FERRRRARRIIII

I was going to spend this article talking about Joseph Carlson, (a GOATed YouTuber) and his review of super investor moves in this last quarter. I was going to review Ackman’s, Buffett’s, and Burry’s, moves this last quarter, give my take, and parade my genius around their decisions, but a brilliant blast of light caught my mind and ensnared it. I cannot stop focusing on Ferrari. If you have read this website for a while, you know that I have long loved Ferrari, and if I had bought it when I first became interested in the position, I would have a tidy profit by now. But I did not buy. Once again, I must review my thoughts on Ferrari and my fear, and I will come to a decision on my future with the stock.

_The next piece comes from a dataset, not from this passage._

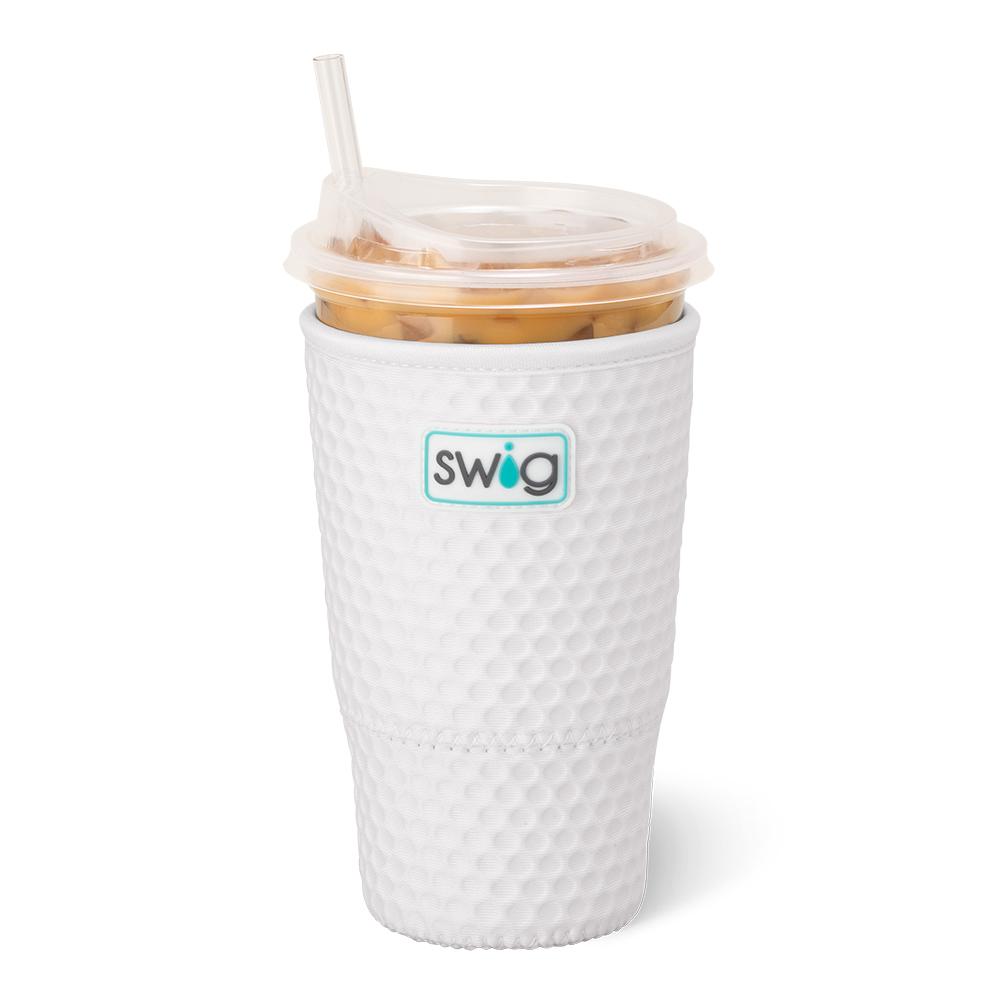 The Cotton Market Golf Swig Cup Coolie - Thumbnail 2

First, I will tell you something simple you need to know to understand Ferrari. Ferrari is a luxury company. Ferrari sold 15,663 cars last year. Toyota sold 715 cars for every one Ferrari sold. The scariest thing about Ferrari, and purchasing Ferrari stock, is the fear that Ferrari will overproduce and lose this mysterious, opulence it enjoys. Because once a luxury company loses its luxury status, it takes decades to reclaim it. As seen by Kering, the owner of Gucci. You always fear when a company like Ferrari has all this momentum. You cannot help but to see Icarus. I was waiting, waiting, waiting, for the fundamentals to catch up to Ferrari, and that was a mistake of mine. With the intrinsic value formula I use, Ferrari is overvalued by 61%, which makes me not want to buy, but Ferrari has been overvalued its entire existence, using PE, IV, etc. By whatever numerical measure you use, Ferrari is overvalued massively, yet the stock continues to flash upwards, which means that emotions come into play.

When stocks are traded on emotion and consumer sentiment, it can be scary, but that is when you as an investor have to do two things: investigate leadership and trust your own ability. It can be very scary to feel like you are buying at the crest of a tsunami, but in Ferrari’s case, their leadership, particularly their CEO, encourages so much confidence. Benedetto Vigna (10/10 Italian name) is Ferrari’s CEO, and he is great. Vigna is 55 years old, which is young for the CEO of such a massive company, and he has a unique perspective. He was a tech executive in Silicon Valley for years and developed a move-fast and break-things approach that he brought to Ferrari. When he came into power, he immediately crushed as many layers of bureaucracy as he could. This is not to say that he is some reckless, Musk-esque chump, but rather that he seeks efficiency in everything he does. When I first heard about his approach that removed entire teams of people and made the entire leadership structure much flatter, I was worried that meant maximizing profits at all costs, which would lead to my greatest fear: the erosion of the Ferrari brand. A brand that is propping up this massive valuation. But no, this man is as Ferrari as Craig Jelinek is Costco. He will not allow the brand to be eroded.

Investing in Ferrari is a scary proposition. The stock is, by all rational tools, overvalued massively. To invest in this company, you need to have an accurate emotional feel for the stock. I think I am going to invest in Ferrari because I do not think the brand will be eroded, Benedetto Vigna has a great name and genuinely understands how to grow Ferrari, and it is the greatest car company in the world.

In terms of my portfolio, I’m probably going to sell completely out of my Berkshire position and reinvest it all into Ferrari.